Instructions for the task: For this task, output every entry below exactly and omit the pictures.

--- Provided data Enclosed Below ---

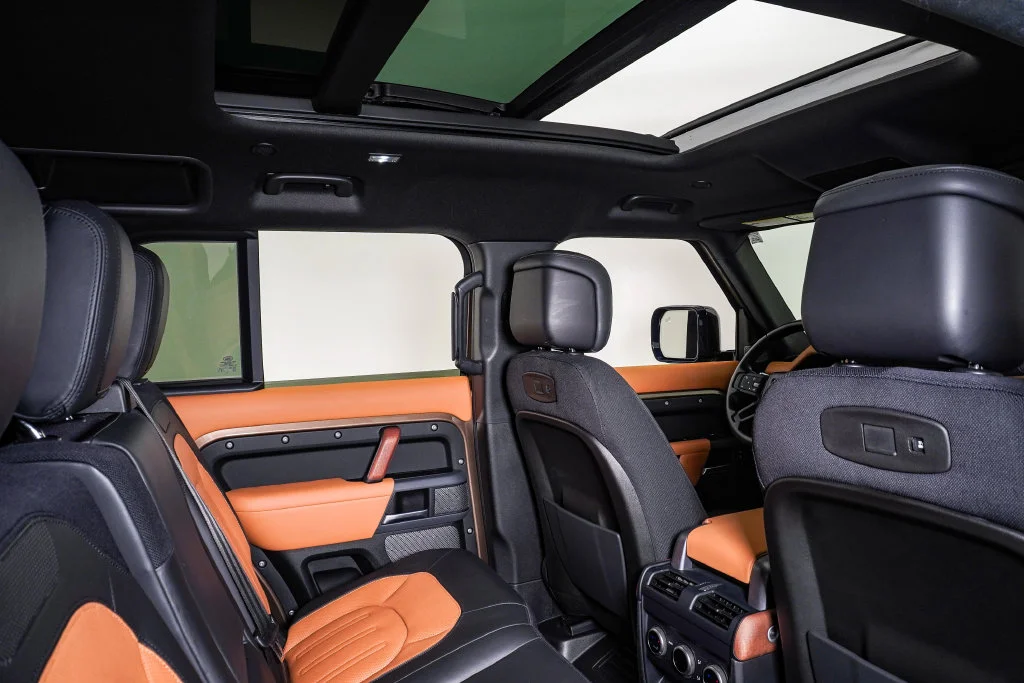 Used 2021 Gondwana Stone Metallic Land Rover X image 16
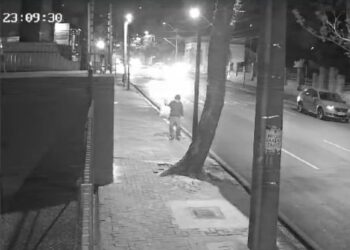 Após sofrer mal súbito e cair na rua, idoso é atropelado e motorista vai embora sem prestar socorro, veja o vídeo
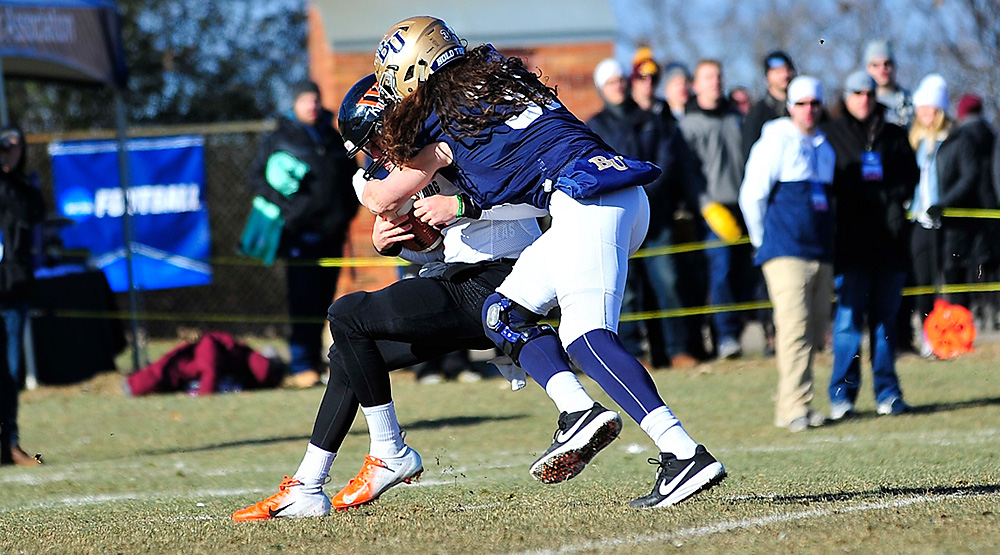Kyle Kilgore smothers Wartburg quarterback Matt Sacia. (Photo by Scott Pierson, d3photography.com)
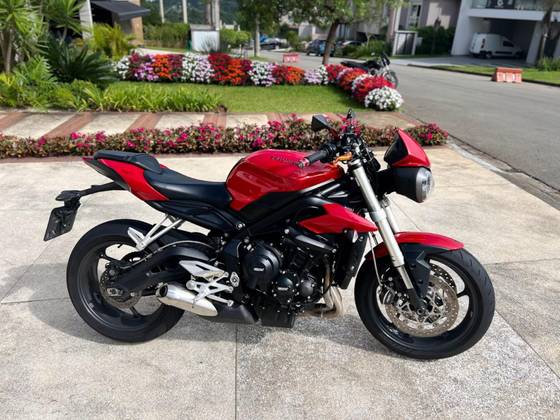 TRIUMPH STREET TRIPLE 765 S 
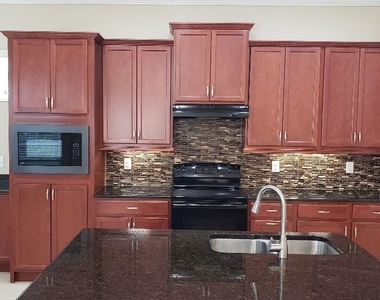13818 Eliot Avenue - Photo Thumbnail 13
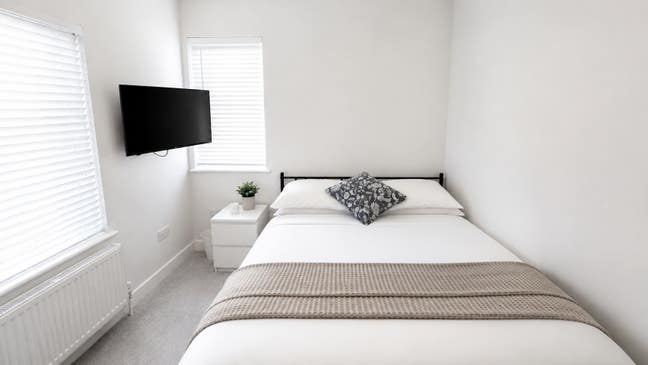 Bright Double Room with Large Bathroom Next Door Main Photo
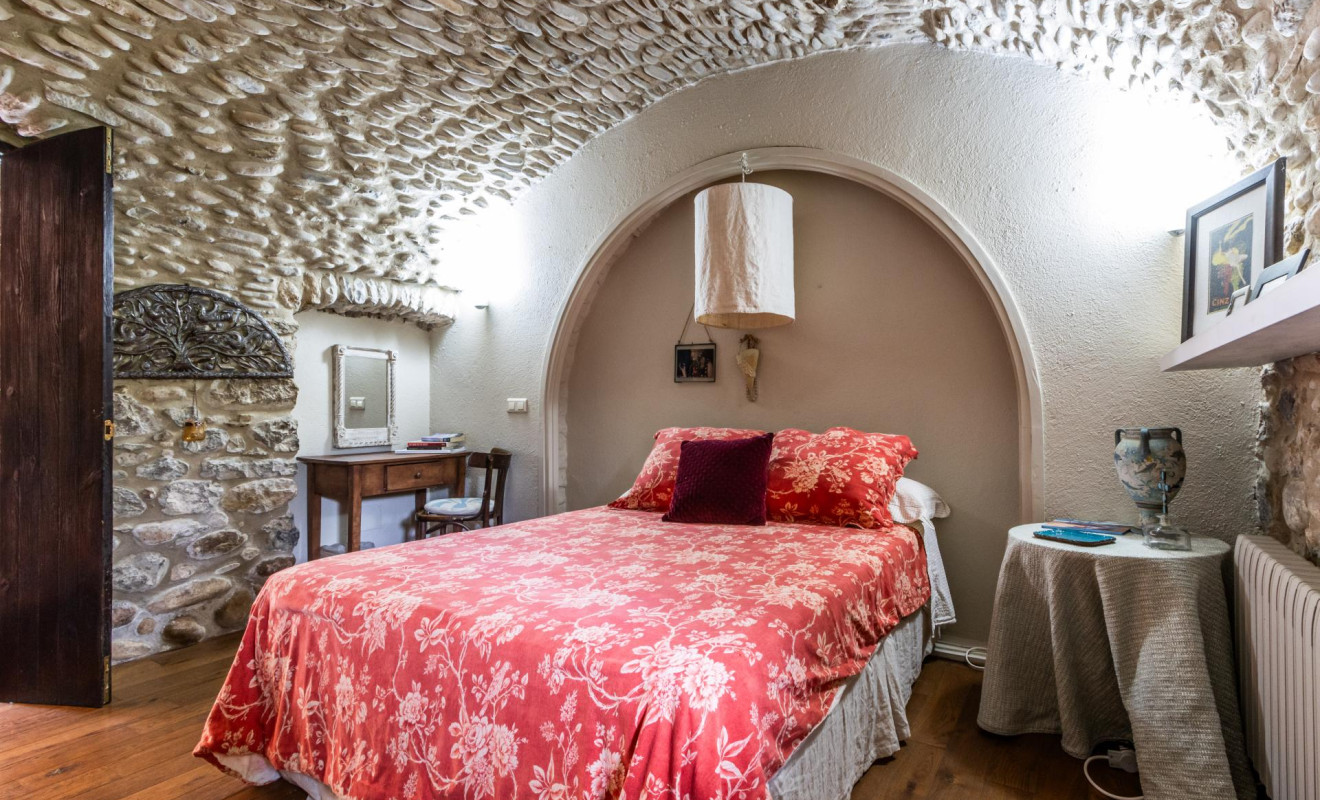 Herverkoop - Boerderijen - Esponellà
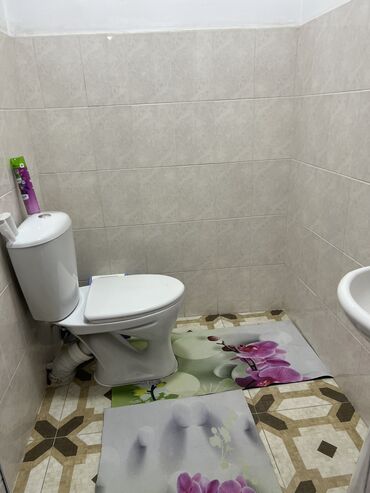 Посуточная аренда домов: Г Манас(Джалалабад) район ГОРБОЛЬНИЦА, центральная улица Просторный — 8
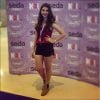 Giovanna Grigio, atriz de "Chiquititas", apresenta seu look moderno em festa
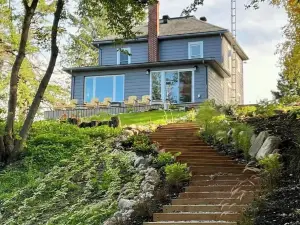 Waterfront Family Retreat | Sauna & Hot Tub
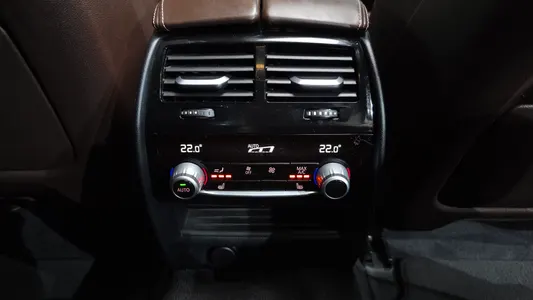 BMW 5 Series (G30) 520d M 2018 17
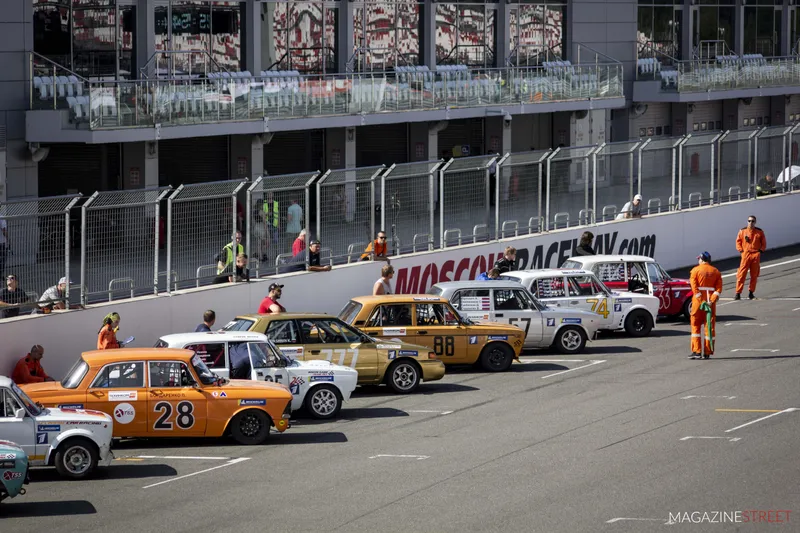 24-часовая гонка на спортивных
классических автомобилях – CLASSIC24, кадр 2
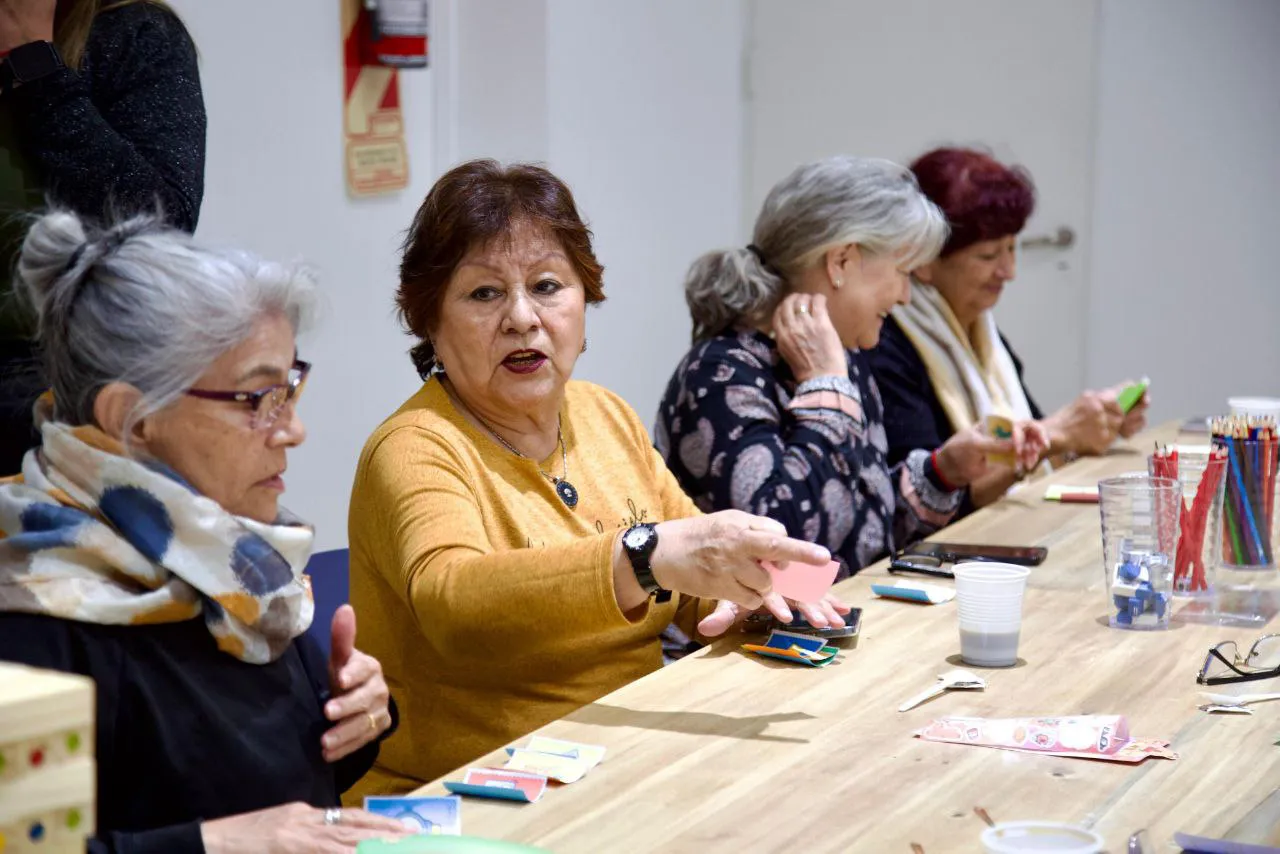 photo_5032897541821279960_y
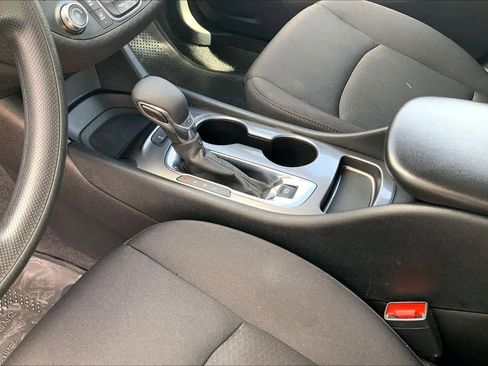 Used 2025 Chevrolet Malibu LS image 17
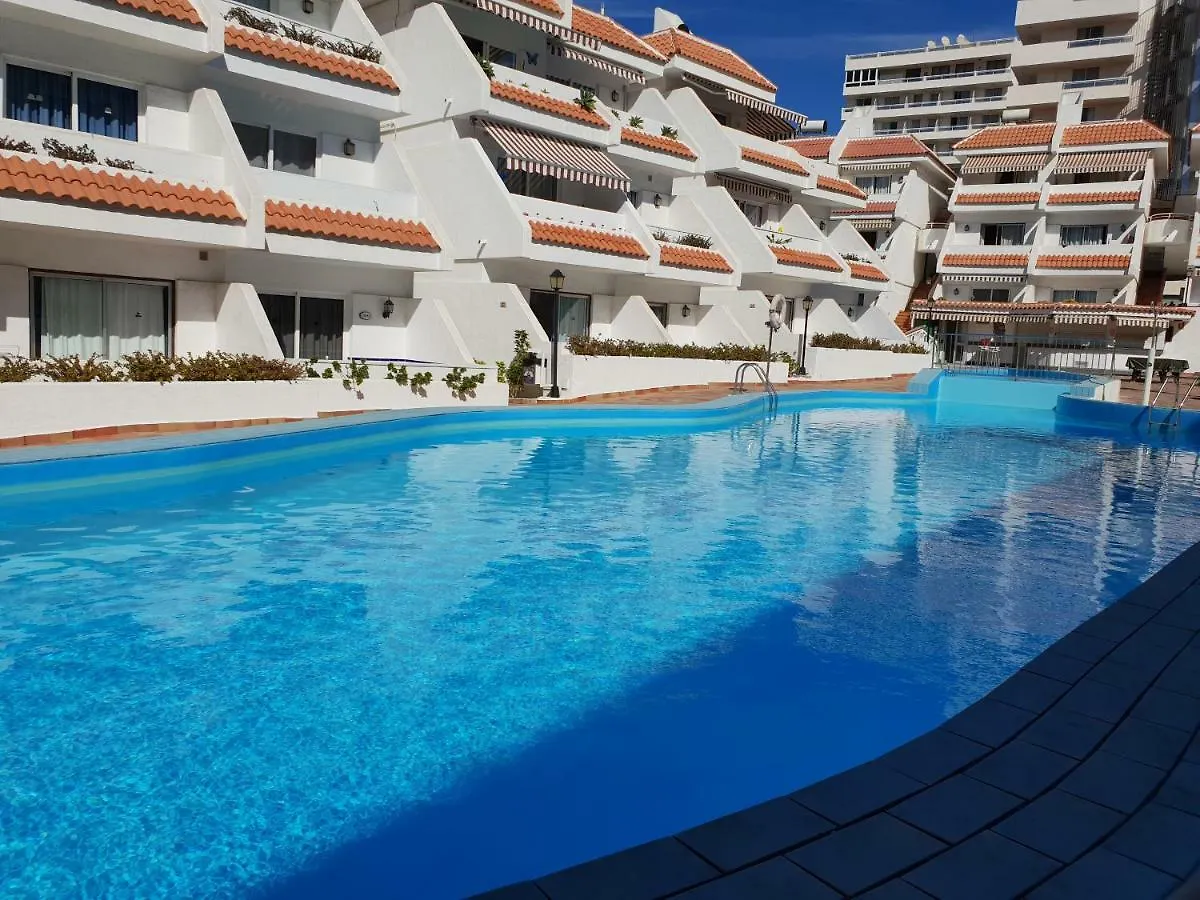 Casa Las Flores With Heated Pool, Only 490 Meters To The Beach, Balcony, Wifi Arona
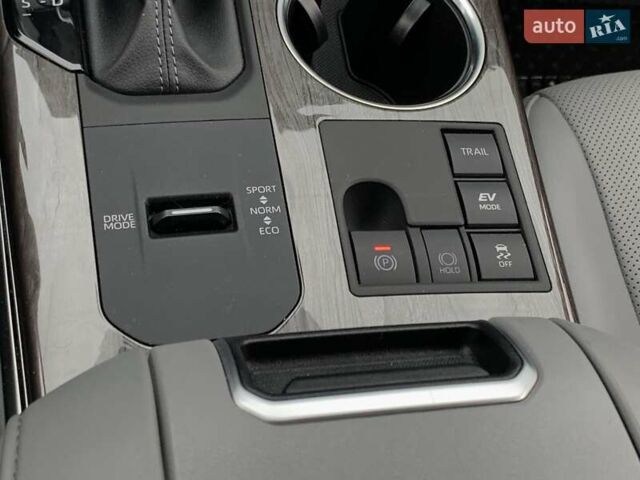 Белый Тойота Хайлендер, объемом двигателя 2.5 л и пробегом 13 тыс. км за 56999 $, фото 53 на Automoto.ua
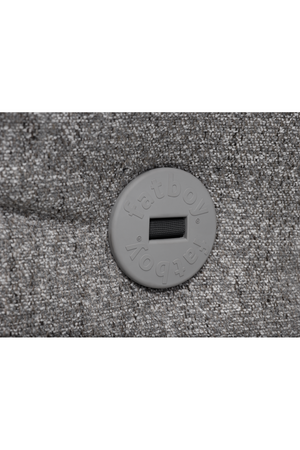   Back-Buttoned Modern Easy Chair | Oroa.com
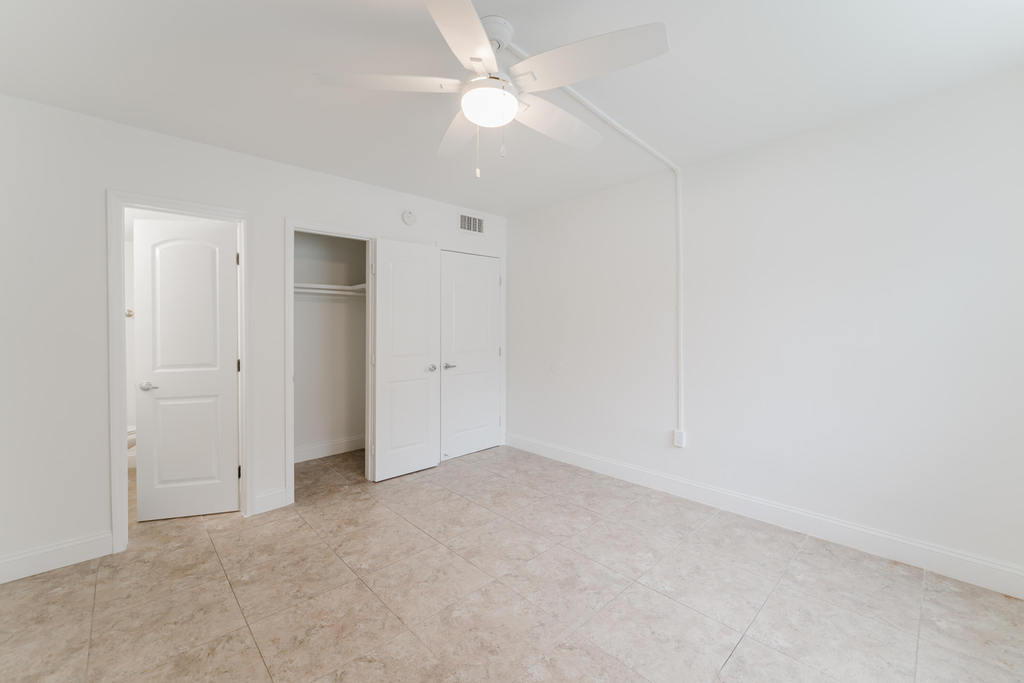 601 Sw 2nd Avenue - Photo 23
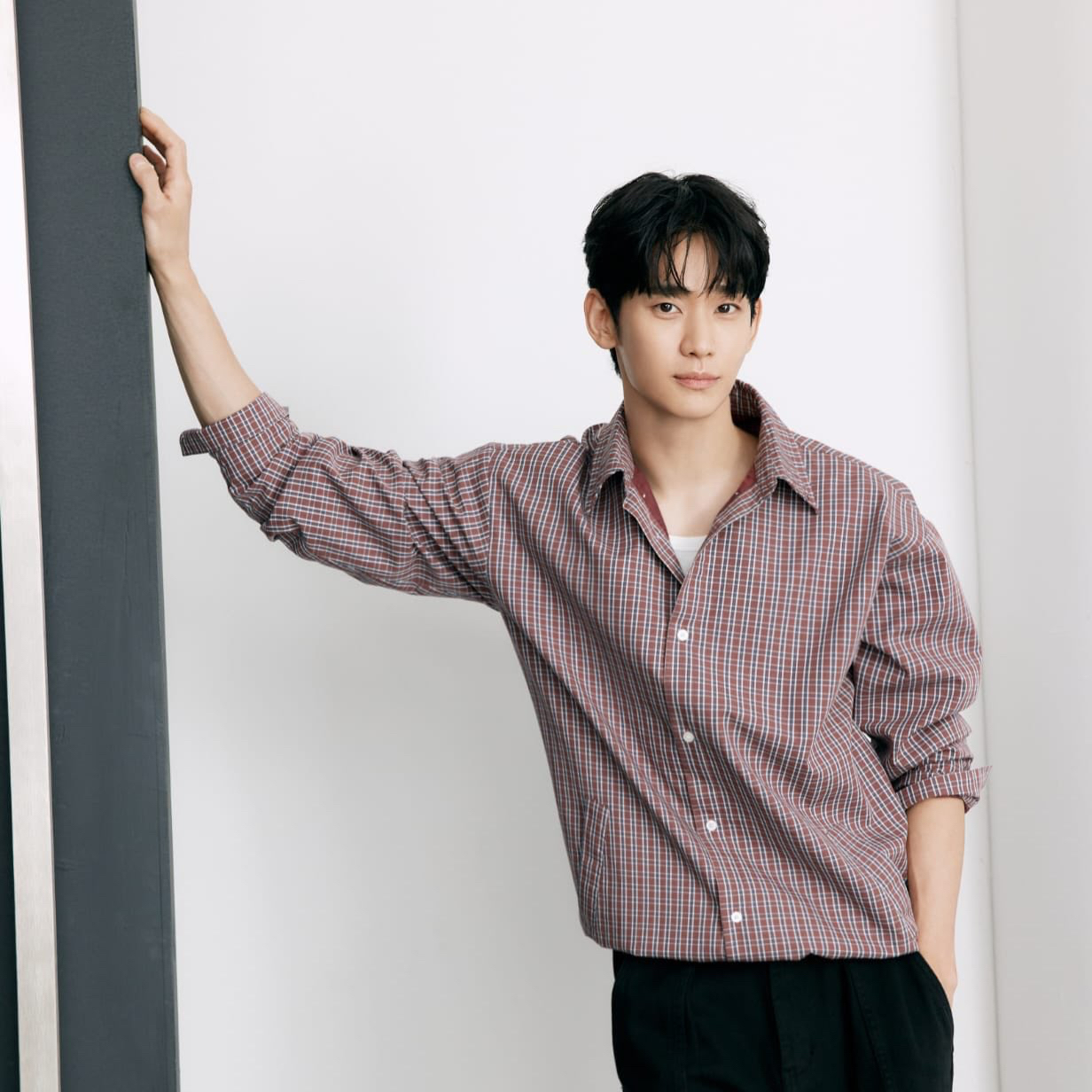 Behind-the-scenes cut of Kim Soohyun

--- End of Enclosed Provided data ---

Written solution:
 Used 2021 Gondwana Stone Metallic Land Rover X image 16
 Após sofrer mal súbito e cair na rua, idoso é atropelado e motorista vai embora sem prestar socorro, veja o vídeo
Kyle Kilgore smothers Wartburg quarterback Matt Sacia. (Photo by Scott Pierson, d3photography.com)
 TRIUMPH STREET TRIPLE 765 S 
13818 Eliot Avenue - Photo Thumbnail 13
 Bright Double Room with Large Bathroom Next Door Main Photo
 Herverkoop - Boerderijen - Esponellà
 Посуточная аренда домов: Г Манас(Джалалабад) район ГОРБОЛЬНИЦА, центральная улица Просторный — 8
 Giovanna Grigio, atriz de "Chiquititas", apresenta seu look moderno em festa
 Waterfront Family Retreat | Sauna & Hot Tub
 BMW 5 Series (G30) 520d M 2018 17
 24-часовая гонка на спортивных
классических автомобилях – CLASSIC24, кадр 2
 photo_5032897541821279960_y
 Used 2025 Chevrolet Malibu LS image 17
 Casa Las Flores With Heated Pool, Only 490 Meters To The Beach, Balcony, Wifi Arona
 Белый Тойота Хайлендер, объемом двигателя 2.5 л и пробегом 13 тыс. км за 56999 $, фото 53 на Automoto.ua
   Back-Buttoned Modern Easy Chair | Oroa.com
 601 Sw 2nd Avenue - Photo 23
 Behind-the-scenes cut of Kim Soohyun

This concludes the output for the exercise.